Meskipun dunia telah berubah, prinsip dasar pengendalian inflasi tetap berlaku:
-
Kebijakan moneter yang kredibel sangat penting.
Ketika bank sentral kehilangan kepercayaan publik, inflasi bisa dengan cepat lepas kendali. -
Menaikkan suku bunga mungkin tidak disukai, tetapi kadang diperlukan.
Pengetatan moneter yang tegas akan menekan permintaan dan menstabilkan harga. -
Inflasi tidak bisa “dinegosiasikan”.
Menunda atau mengabaikan inflasi hanya akan memperparah dampaknya di masa depan. -
Bank sentral harus independen.
Keberanian Volcker hanya mungkin terjadi karena The Fed relatif bebas dari tekanan politik langsung.
Relevansi untuk Trader dan Investor Saat Ini
Bagi trader dan investor, memahami arah kebijakan moneter Federal Reserve adalah kunci dalam menentukan strategi jangka pendek dan panjang:
- Ketika The Fed menaikkan suku bunga, biasanya dolar AS menguat dan harga emas cenderung turun.
- Ketika The Fed mulai dovish atau menurunkan suku bunga, pasar saham bisa naik tetapi risiko inflasi kembali meningkat.
- Obligasi cenderung tertekan saat suku bunga naik, tetapi bisa pulih saat pasar mengantisipasi puncak pengetatan.
Pelajaran dari era Volcker mengajarkan kita bahwa kebijakan yang keras bisa mendatangkan peluang baru jika dipahami dengan tepat.

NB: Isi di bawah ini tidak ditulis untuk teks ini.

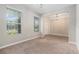 Bright living room with neutral carpet, and a large window, adjacent to the tiled foyer and a open floor plan at 2706 Lantern Hill Ave, Brandon, FL 33511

Trader cerdas bisa memanfaatkan momen perubahan arah kebijakan moneter untuk mengambil posisi yang menguntungkan.
Kesimpulan: Volcker, The Fed, dan Tantangan Mengendalikan Inflasi
Paul Volcker bukan hanya menghentikan inflasi—ia mengubah cara dunia memandang peran bank sentral. Ia mengingatkan kita bahwa terkadang dibutuhkan langkah ekstrem untuk mengembalikan stabilitas ekonomi, meskipun biayanya besar dalam jangka pendek.
Hari ini, ketika kita melihat inflasi global, lonjakan harga energi, dan dilema suku bunga, pelajaran dari Volcker tetap sangat relevan. Apakah bank sentral hari ini akan memiliki keberanian yang sama untuk melawan inflasi secara agresif? Waktu yang akan menjawab.
Bagi para pelaku pasar, memahami dinamika ini bukan hanya soal sejarah—melainkan kunci untuk membaca masa depan pasar global.